This touching play written by and starring, Chloe Yates, is a beautifully simple story about an agonisingly complex topic.

Following a ternary structure, Sam (Josh Cole), opens and closes the piece with his release from the mental health facility he has been living in for the last few months. We never truly find out what is wrong with Sam although bear witness to two panic attacks it is safe to assume were brought on by the death of his brother in a car accident. He also speaks frankly with fellow patient, Mags (Yates), about how he has developed risky behaviour because he doesn’t care whether he lives or dies.

These suicidal thoughts are touched upon a few times in Mental, patients causing an alarm to sound and red lights symbolic of danger to flash if they get too close to the metaphorical edge.

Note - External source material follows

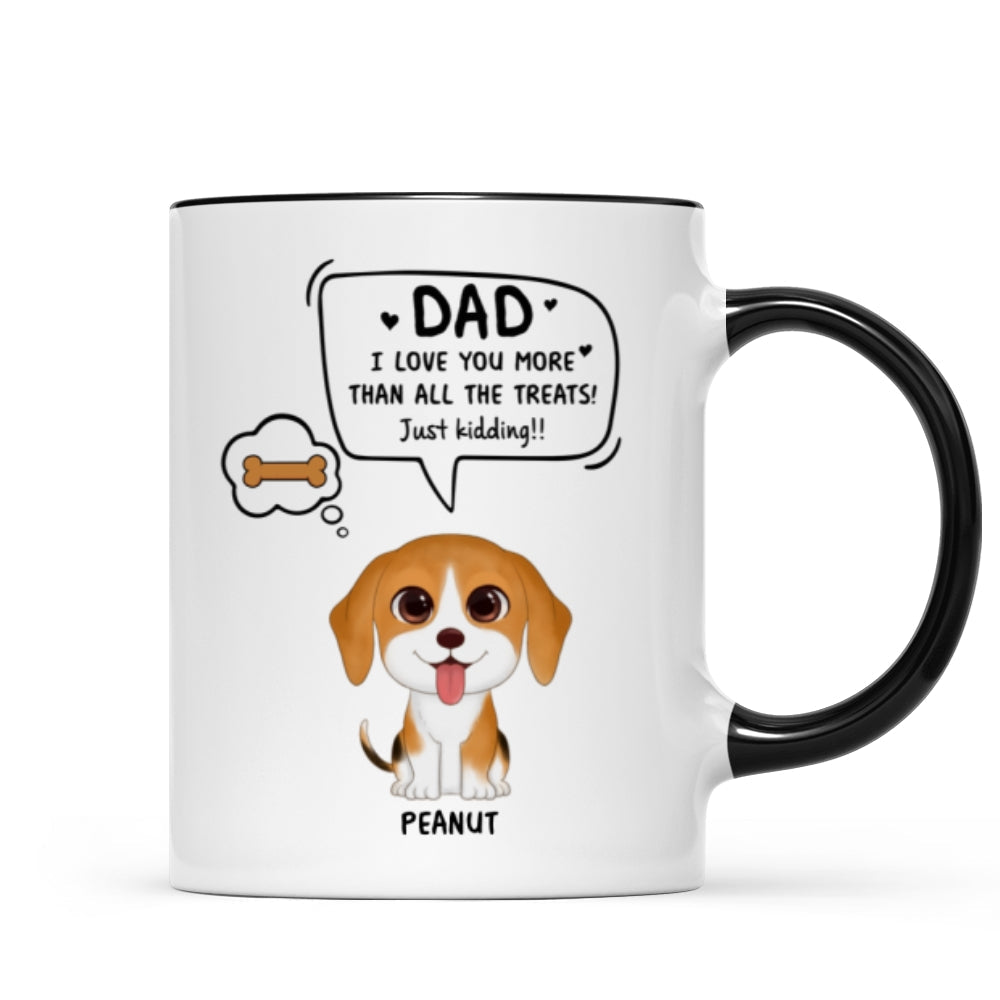 We Love You More Than All The Treats Watercolor Cute Dogs Gift For Dad Personalized Mug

Also on the ward with Sam and Mags are Claudia (Saskia Wraith) who Mags sees as an unlikely ‘inmate’ with her middle class, privately educated, perfect family set-up; Megan (Jasmine Sandhu) who is perhaps the one character hole in the plot not giving much for the audience to go on; Milo, clearly troubled and played perfectly by constantly on edge Arran Sheikh, and Rosie (Phoebe Lerner) who adds a lighter-hearted tone if there is any to be found with her constant staring and abrupt responses.

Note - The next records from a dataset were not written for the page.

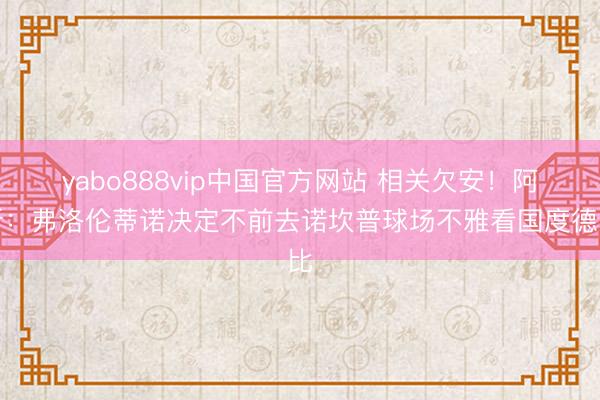 yabo888vip中国官方网站 相关欠安！阿斯：弗洛伦蒂诺决定不前去诺坎普球场不雅看国度德比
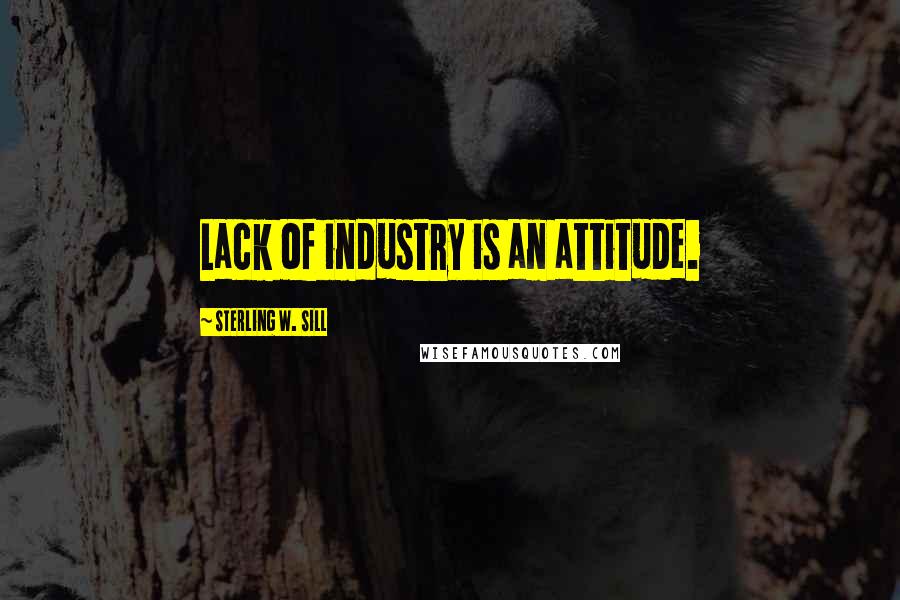 Sterling W. Sill Quotes: Lack of industry is an attitude.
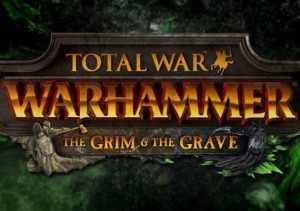 Total War: WARHAMMER – The Grim and the Grave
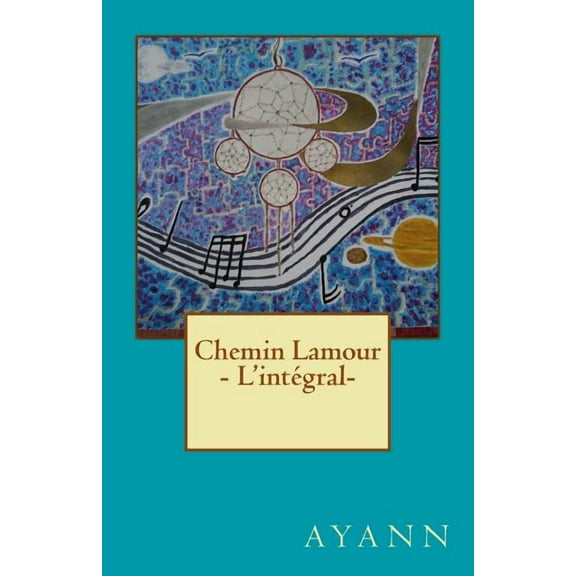Chemin Lamour - L'intégral- (Paperback)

The story centres around Mags who is about to leave the facility having reached her 18th birthday. She will now come under the care of the adult mental health services. And this is deeply personal for Yates who herself spent some time in an adolescent’s psychiatric ward before being moved to an adult ward, which she describes in an interview with The Fountain as being “very traumatic” and as impacting her recovery “hugely.”

Knowing that only makes the play more moving and explains the oh-so-accurate representation of being trapped in a hospital when one is so young and being trapped in one’s own thoughts with a mental health condition.

It is a beautiful work which shows that you don’t need to do anything complicated to make a theatrical impact and the soundscape adds to this, again nothing fancy, just perfectly placed.